As I count down the final weeks of my teaching career before my retirement, I am going through my posts on teaching. This is a repost with some updates from my early days of blogging.
Almost every teacher has one; a drawer to store things that have been confiscated from students and/or items abandoned and left unclaimed in the classroom. I saw my little stash from last year hidden away in the back of a bottom drawer. Probably nowhere else on earth except another teacher's drawer does this combination of items exist.
1. A giant Mickey Mouse pencil. Nothing wrong with having a large pencil except when you are shoving it up alternating nostrils for the amusement of your friends. FYI- I handled it only with a paper towel and disinfected it with my trusty Germ-x before stashing it.
2. A Mexican wrestler's mask and cape. The story of how I acquired that would take too long to relate here, but suffice to say it's not cool to sneak up behind your teacher while wearing it and yell, "Arriba!".
3. A neon pink condom. Still in wrapper. (Thankfully). It was left under a table and has a boy's name written in ink on it, but I suspect it was a joke sprung on him.
4. A latex glove blown up like a balloon with the letters YOLO written on the fingers.
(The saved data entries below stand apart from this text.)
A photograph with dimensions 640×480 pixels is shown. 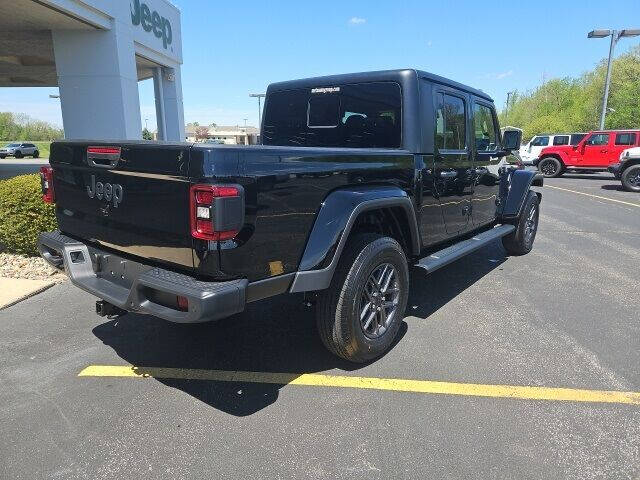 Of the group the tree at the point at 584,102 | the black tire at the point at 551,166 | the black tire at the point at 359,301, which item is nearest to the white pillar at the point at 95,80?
the black tire at the point at 359,301

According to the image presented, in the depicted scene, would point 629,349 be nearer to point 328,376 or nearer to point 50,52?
point 328,376

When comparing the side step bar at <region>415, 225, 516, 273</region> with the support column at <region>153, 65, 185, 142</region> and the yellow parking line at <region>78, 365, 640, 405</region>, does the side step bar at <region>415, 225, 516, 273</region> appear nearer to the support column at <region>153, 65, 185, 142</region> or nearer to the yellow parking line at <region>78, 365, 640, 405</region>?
the yellow parking line at <region>78, 365, 640, 405</region>

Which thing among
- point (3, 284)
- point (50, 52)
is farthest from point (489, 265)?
point (50, 52)

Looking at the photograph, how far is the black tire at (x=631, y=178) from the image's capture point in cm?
1478

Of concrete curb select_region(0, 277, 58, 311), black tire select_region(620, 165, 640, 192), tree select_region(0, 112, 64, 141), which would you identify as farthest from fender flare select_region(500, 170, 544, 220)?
tree select_region(0, 112, 64, 141)

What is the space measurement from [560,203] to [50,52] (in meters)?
15.2

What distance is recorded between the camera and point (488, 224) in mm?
5496

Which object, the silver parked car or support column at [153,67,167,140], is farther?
the silver parked car

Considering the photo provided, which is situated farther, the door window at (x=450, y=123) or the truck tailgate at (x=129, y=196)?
the door window at (x=450, y=123)

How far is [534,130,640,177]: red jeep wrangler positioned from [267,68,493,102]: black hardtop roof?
52.1 ft

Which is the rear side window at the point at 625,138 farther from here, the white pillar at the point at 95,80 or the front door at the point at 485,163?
the white pillar at the point at 95,80

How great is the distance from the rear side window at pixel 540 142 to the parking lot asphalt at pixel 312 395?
19.0 m

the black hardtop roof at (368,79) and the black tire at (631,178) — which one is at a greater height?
the black hardtop roof at (368,79)

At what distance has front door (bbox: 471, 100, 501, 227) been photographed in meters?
4.78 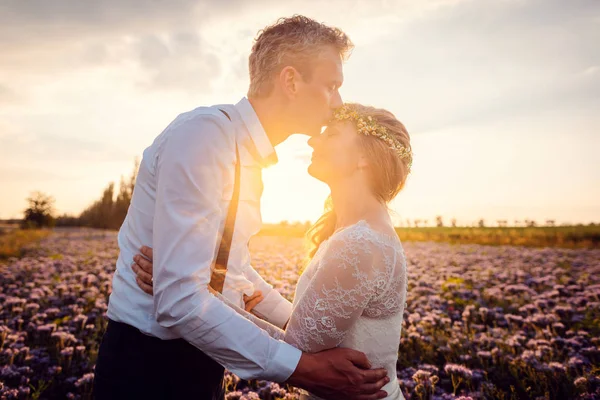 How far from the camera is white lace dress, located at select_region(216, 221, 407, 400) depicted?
2.30 meters

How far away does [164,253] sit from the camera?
183 centimetres

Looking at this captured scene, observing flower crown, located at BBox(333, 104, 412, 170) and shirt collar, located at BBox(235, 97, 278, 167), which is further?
flower crown, located at BBox(333, 104, 412, 170)

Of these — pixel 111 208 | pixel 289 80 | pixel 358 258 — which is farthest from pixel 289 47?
pixel 111 208

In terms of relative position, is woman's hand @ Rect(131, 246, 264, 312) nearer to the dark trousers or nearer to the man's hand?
Answer: the dark trousers

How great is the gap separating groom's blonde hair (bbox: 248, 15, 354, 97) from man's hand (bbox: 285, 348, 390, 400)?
5.93 ft

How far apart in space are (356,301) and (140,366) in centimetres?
129

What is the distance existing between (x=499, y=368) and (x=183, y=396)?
402 cm

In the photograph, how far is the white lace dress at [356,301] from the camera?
2299 millimetres

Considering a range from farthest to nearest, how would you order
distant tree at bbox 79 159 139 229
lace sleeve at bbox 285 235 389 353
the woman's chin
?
distant tree at bbox 79 159 139 229, the woman's chin, lace sleeve at bbox 285 235 389 353

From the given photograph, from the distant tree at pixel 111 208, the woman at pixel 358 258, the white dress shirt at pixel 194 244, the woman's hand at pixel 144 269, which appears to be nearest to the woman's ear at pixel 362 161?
the woman at pixel 358 258

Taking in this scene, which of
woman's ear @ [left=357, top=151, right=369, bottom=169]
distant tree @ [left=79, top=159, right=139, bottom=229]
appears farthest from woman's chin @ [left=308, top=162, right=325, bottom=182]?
distant tree @ [left=79, top=159, right=139, bottom=229]

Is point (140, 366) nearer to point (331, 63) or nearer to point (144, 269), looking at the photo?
point (144, 269)

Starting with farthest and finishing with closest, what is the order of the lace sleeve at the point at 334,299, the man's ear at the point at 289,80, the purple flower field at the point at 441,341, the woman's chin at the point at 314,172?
1. the purple flower field at the point at 441,341
2. the woman's chin at the point at 314,172
3. the man's ear at the point at 289,80
4. the lace sleeve at the point at 334,299

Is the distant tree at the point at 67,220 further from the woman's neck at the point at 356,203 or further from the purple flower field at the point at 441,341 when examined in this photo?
the woman's neck at the point at 356,203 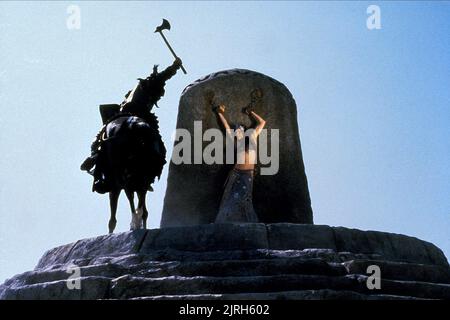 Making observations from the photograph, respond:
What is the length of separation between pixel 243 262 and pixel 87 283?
134cm

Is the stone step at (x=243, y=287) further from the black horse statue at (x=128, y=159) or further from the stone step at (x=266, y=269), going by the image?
the black horse statue at (x=128, y=159)

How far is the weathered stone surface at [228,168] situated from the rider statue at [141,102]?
2.58ft

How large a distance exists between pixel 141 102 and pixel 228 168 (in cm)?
163

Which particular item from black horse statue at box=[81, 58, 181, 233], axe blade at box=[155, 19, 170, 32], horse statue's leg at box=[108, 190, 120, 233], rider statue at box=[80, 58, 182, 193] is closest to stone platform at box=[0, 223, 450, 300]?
horse statue's leg at box=[108, 190, 120, 233]

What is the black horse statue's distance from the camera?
7.52 metres

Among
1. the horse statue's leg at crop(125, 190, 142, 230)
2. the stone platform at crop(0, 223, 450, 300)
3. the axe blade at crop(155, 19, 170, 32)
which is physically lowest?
the stone platform at crop(0, 223, 450, 300)

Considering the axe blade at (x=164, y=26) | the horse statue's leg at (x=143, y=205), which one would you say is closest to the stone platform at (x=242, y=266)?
the horse statue's leg at (x=143, y=205)

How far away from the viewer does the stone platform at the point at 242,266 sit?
499cm

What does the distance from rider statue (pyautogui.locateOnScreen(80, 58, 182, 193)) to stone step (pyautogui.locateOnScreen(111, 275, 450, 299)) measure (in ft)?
9.52

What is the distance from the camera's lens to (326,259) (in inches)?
218

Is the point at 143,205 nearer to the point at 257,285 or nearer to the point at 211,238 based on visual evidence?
the point at 211,238

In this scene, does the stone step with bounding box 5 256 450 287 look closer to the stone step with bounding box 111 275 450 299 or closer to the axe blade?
the stone step with bounding box 111 275 450 299

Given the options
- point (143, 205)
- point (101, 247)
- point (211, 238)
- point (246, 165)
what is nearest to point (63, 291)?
point (101, 247)

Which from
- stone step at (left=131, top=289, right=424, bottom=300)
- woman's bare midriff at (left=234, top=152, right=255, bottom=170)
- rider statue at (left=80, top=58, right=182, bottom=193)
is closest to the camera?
stone step at (left=131, top=289, right=424, bottom=300) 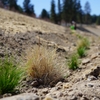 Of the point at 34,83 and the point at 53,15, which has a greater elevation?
the point at 53,15

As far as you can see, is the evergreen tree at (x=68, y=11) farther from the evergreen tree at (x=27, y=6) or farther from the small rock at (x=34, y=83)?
the small rock at (x=34, y=83)

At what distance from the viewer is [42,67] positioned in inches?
193

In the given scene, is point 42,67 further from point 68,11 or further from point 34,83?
point 68,11

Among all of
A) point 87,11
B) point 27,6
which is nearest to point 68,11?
point 27,6

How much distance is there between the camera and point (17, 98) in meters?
3.39

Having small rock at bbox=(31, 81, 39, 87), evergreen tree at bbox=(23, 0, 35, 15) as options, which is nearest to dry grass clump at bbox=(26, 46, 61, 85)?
small rock at bbox=(31, 81, 39, 87)

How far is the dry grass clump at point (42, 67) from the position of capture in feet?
16.0

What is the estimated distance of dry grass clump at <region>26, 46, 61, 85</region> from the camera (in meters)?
4.88

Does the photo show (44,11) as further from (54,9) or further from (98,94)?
(98,94)

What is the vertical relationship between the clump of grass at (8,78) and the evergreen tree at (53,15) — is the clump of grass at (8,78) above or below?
below

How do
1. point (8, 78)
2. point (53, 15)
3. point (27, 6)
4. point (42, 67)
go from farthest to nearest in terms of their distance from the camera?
point (27, 6), point (53, 15), point (42, 67), point (8, 78)

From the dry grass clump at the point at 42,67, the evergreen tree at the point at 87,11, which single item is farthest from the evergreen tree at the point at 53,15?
the dry grass clump at the point at 42,67

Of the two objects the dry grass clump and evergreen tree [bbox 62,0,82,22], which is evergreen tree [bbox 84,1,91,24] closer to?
evergreen tree [bbox 62,0,82,22]

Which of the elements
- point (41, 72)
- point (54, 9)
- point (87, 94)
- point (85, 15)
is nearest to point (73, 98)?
point (87, 94) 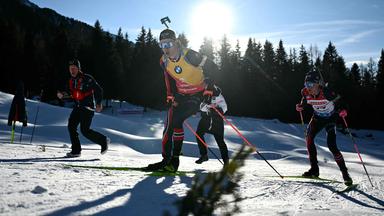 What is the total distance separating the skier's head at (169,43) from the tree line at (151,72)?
36520 millimetres

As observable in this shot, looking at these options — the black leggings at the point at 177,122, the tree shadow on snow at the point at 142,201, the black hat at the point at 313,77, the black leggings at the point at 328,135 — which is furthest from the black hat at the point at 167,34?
the black leggings at the point at 328,135

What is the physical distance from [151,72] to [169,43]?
125ft

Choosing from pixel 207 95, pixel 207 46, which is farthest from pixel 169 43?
pixel 207 46

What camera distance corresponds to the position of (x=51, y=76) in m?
43.1

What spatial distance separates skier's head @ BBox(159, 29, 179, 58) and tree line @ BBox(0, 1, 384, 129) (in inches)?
1438

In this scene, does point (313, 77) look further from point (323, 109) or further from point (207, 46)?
point (207, 46)

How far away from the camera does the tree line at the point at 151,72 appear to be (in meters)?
42.8

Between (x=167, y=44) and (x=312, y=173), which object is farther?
(x=312, y=173)

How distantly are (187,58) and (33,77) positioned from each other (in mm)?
41871

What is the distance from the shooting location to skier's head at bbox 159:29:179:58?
5.93 m

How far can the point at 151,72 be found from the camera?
43.7 metres

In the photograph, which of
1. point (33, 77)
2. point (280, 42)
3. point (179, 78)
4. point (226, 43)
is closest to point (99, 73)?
point (33, 77)

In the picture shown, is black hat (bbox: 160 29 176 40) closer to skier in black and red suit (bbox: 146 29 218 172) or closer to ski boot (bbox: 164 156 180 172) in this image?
skier in black and red suit (bbox: 146 29 218 172)

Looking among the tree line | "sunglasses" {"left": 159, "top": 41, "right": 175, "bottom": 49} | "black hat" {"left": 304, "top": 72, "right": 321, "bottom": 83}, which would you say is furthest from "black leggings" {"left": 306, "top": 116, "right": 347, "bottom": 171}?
the tree line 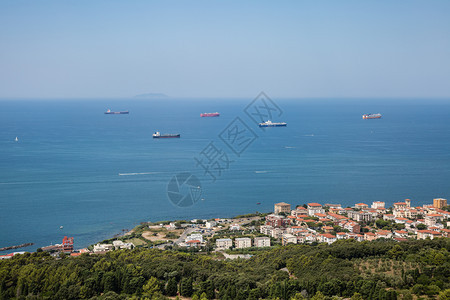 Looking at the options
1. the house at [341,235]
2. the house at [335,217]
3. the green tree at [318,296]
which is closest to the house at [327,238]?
the house at [341,235]

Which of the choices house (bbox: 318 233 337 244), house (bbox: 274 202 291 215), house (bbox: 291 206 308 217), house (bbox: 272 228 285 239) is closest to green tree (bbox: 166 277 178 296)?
house (bbox: 272 228 285 239)

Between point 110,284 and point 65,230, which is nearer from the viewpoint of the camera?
point 110,284

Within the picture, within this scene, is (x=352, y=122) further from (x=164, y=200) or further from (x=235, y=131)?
(x=164, y=200)

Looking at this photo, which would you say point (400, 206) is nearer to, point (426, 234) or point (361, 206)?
point (361, 206)

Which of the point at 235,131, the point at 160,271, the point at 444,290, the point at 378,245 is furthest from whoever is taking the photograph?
the point at 235,131

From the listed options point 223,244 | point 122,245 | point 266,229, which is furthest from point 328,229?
point 122,245

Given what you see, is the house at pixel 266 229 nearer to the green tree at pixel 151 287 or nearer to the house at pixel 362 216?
the house at pixel 362 216

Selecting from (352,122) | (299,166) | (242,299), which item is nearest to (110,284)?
(242,299) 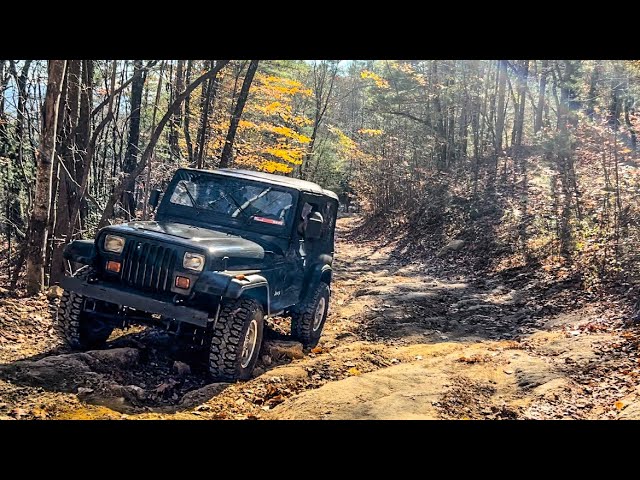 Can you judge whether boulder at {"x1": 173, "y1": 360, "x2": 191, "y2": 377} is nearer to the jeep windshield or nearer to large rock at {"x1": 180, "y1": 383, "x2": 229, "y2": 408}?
large rock at {"x1": 180, "y1": 383, "x2": 229, "y2": 408}

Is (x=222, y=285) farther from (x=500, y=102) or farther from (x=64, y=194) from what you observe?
(x=500, y=102)

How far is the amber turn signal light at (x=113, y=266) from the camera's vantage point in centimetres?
564

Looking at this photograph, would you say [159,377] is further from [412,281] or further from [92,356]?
[412,281]

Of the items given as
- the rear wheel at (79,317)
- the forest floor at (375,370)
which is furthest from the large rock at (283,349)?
the rear wheel at (79,317)

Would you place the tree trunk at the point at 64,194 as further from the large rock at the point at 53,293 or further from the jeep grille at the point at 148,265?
the jeep grille at the point at 148,265

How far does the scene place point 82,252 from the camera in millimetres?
5816

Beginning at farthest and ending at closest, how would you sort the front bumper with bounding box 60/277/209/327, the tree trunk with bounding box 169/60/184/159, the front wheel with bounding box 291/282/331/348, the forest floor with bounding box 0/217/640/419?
the tree trunk with bounding box 169/60/184/159 → the front wheel with bounding box 291/282/331/348 → the front bumper with bounding box 60/277/209/327 → the forest floor with bounding box 0/217/640/419

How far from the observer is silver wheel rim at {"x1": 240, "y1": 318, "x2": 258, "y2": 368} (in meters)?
5.64

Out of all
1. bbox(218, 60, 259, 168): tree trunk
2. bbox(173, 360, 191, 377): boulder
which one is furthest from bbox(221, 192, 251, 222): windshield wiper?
bbox(218, 60, 259, 168): tree trunk

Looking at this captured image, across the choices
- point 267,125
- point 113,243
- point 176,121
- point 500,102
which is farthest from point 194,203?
point 500,102

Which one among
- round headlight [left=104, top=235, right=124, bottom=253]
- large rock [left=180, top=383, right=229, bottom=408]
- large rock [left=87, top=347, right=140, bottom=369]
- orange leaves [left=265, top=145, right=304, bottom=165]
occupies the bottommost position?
large rock [left=180, top=383, right=229, bottom=408]

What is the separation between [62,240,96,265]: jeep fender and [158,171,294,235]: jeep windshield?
1263 millimetres

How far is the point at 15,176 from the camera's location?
1238 cm

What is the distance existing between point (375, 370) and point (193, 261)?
2558mm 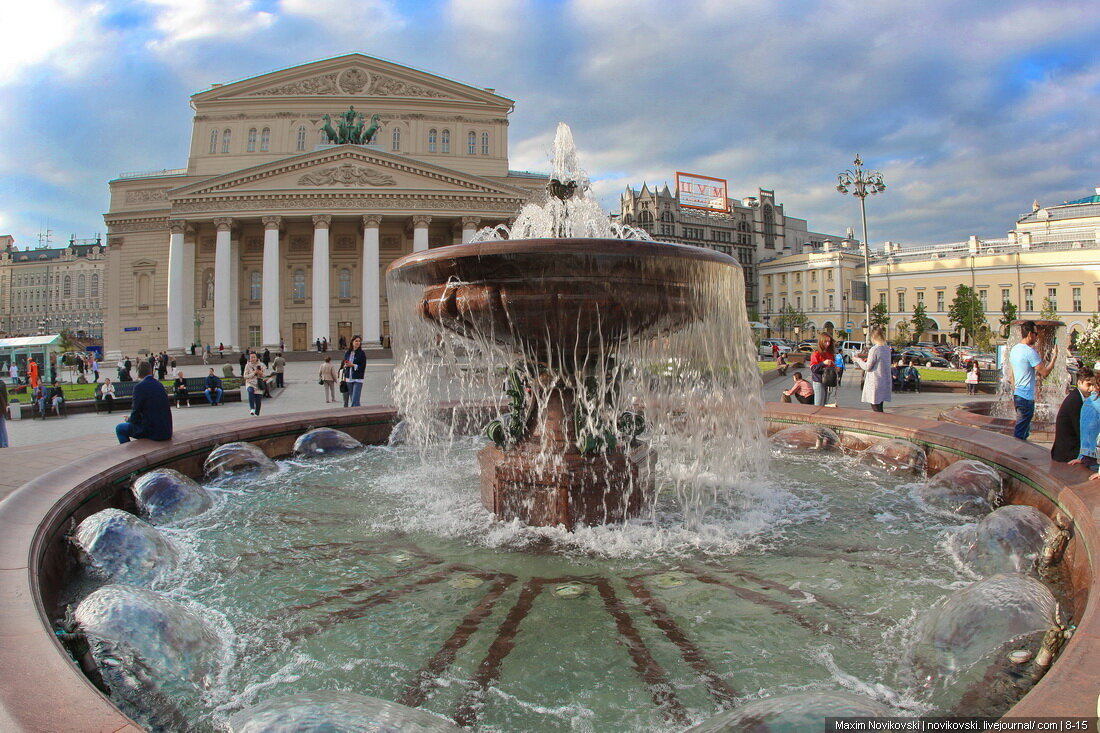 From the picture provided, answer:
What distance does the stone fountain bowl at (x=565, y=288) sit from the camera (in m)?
3.97

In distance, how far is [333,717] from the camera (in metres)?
1.83

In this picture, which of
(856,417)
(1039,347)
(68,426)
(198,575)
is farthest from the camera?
(68,426)

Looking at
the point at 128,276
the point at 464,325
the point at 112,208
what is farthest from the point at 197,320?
the point at 464,325

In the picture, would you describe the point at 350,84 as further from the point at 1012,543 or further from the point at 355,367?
the point at 1012,543

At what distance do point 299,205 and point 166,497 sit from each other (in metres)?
43.3

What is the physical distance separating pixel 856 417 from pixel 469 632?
18.1 ft

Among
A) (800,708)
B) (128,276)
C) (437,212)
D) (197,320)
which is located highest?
(437,212)

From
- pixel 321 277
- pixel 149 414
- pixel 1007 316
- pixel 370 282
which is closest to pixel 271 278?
pixel 321 277

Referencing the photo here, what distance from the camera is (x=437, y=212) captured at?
45281 mm

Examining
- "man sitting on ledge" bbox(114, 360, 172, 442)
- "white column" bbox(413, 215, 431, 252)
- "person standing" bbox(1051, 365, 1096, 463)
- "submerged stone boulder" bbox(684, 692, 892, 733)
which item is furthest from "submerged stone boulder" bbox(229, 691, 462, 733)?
"white column" bbox(413, 215, 431, 252)

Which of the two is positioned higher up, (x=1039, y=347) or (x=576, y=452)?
(x=1039, y=347)

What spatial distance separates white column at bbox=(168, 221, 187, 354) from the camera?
4366cm

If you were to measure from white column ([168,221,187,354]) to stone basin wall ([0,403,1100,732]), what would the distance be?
41763 millimetres

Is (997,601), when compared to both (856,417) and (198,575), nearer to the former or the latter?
(198,575) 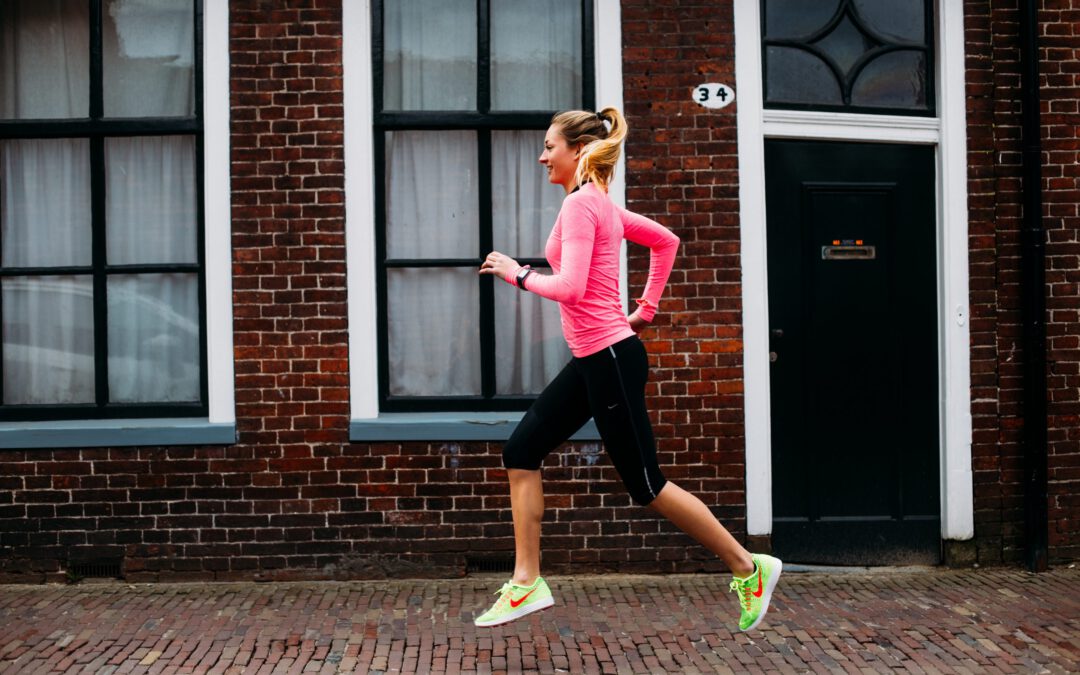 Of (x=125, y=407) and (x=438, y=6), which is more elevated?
(x=438, y=6)

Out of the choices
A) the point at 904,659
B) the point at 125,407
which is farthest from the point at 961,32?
the point at 125,407

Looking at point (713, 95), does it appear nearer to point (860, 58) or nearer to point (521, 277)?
point (860, 58)

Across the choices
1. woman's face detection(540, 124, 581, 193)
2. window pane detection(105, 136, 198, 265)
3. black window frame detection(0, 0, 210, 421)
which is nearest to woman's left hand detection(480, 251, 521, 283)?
woman's face detection(540, 124, 581, 193)

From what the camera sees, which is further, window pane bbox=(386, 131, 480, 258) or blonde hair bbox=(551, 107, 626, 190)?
window pane bbox=(386, 131, 480, 258)

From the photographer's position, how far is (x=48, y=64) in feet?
21.7

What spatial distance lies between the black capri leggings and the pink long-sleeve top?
3.0 inches

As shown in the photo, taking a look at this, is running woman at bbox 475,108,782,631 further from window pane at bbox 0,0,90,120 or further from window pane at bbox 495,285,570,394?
window pane at bbox 0,0,90,120

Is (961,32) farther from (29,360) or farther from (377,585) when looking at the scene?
(29,360)

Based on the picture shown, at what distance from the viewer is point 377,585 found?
6289 mm

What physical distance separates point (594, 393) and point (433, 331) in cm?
228

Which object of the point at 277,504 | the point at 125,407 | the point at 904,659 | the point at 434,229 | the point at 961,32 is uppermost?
the point at 961,32

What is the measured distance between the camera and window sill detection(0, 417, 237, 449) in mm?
6383

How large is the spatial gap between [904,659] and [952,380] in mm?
2207

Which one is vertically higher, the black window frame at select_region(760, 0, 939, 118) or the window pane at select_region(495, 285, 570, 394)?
the black window frame at select_region(760, 0, 939, 118) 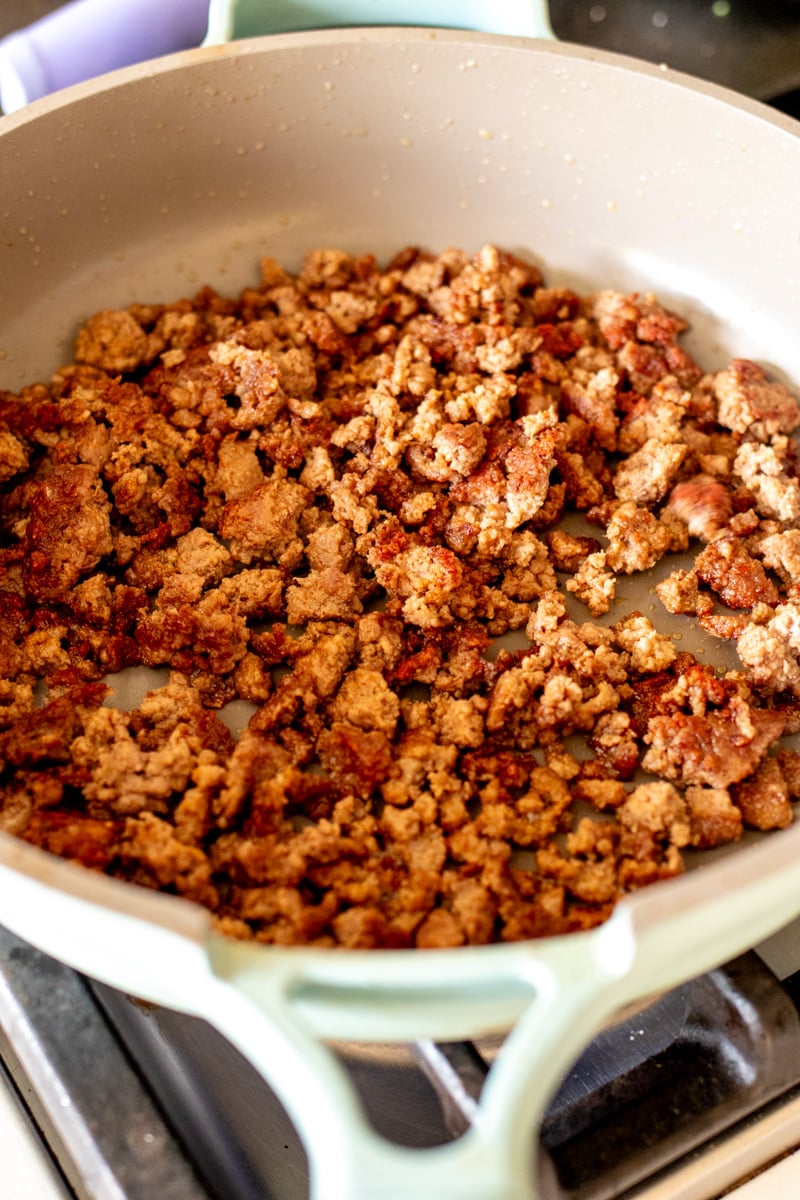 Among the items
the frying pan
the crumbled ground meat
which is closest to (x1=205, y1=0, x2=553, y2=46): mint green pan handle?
the frying pan

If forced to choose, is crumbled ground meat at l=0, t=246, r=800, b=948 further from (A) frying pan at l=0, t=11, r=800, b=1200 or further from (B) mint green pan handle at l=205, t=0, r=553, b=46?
(B) mint green pan handle at l=205, t=0, r=553, b=46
The owner found that while you may only live once, you can also spend what seems like a lifetime in detention if you throw it from the window of the bus when the principal walks past.
5. A People magazine with Heidi Montag in a swimsuit on the cover, detailing her many plastic surgeries and her huge breast implants. It's always suspicious when a group of boys is huddled around a table, staring down at something hidden from view, and then they immediately jump up when the teacher nears, smile and (poorly) pretend nothing is happening. I think the pictures of Heidi might still have traces of their drool on them.
6. A plastic wind-up penis that hops madly when fully wound, complete with a smiley face on it.
7. A laser pointer that was being directed at girls' chests one day on the way in from lunch. The owner assured me he had no idea it was on or that it had accidentally been aimed at the girls, but that he would never THINK of doing such a thing on purpose, ever.
8. An old book of prayers in Spanish. I guess the prayers were learned/ answered and so the book wasn't needed anymore and thus left behind in my room.
9. A pair of false eyelashes that extend at least 3/4" from the eyes. The poor girl who had them didn't know how to properly apply them and they continually fell off. She kept trying to stick them back on until the whole class was wrapped up in her drama instead of their work.
One thing I confiscated but didn't keep very long was the item in a small brown paper bag a quiet girl brought to school one day. She called me over before class and asked if I wanted to see what was in her bag. I assumed she had an interesting item for lunch, so I dutifully peeked in. The girl had been hunting with her family over the weekend and gotten her first deer. Inside was a fresh deer's tail. The principal's horror at seeing it equaled my own as she and I debated what to do with it. The girl's dad eventually came up to get it that morning.
So there it is; the good, the bad, and the just plain weird of what is in that drawer. Time to clean it out.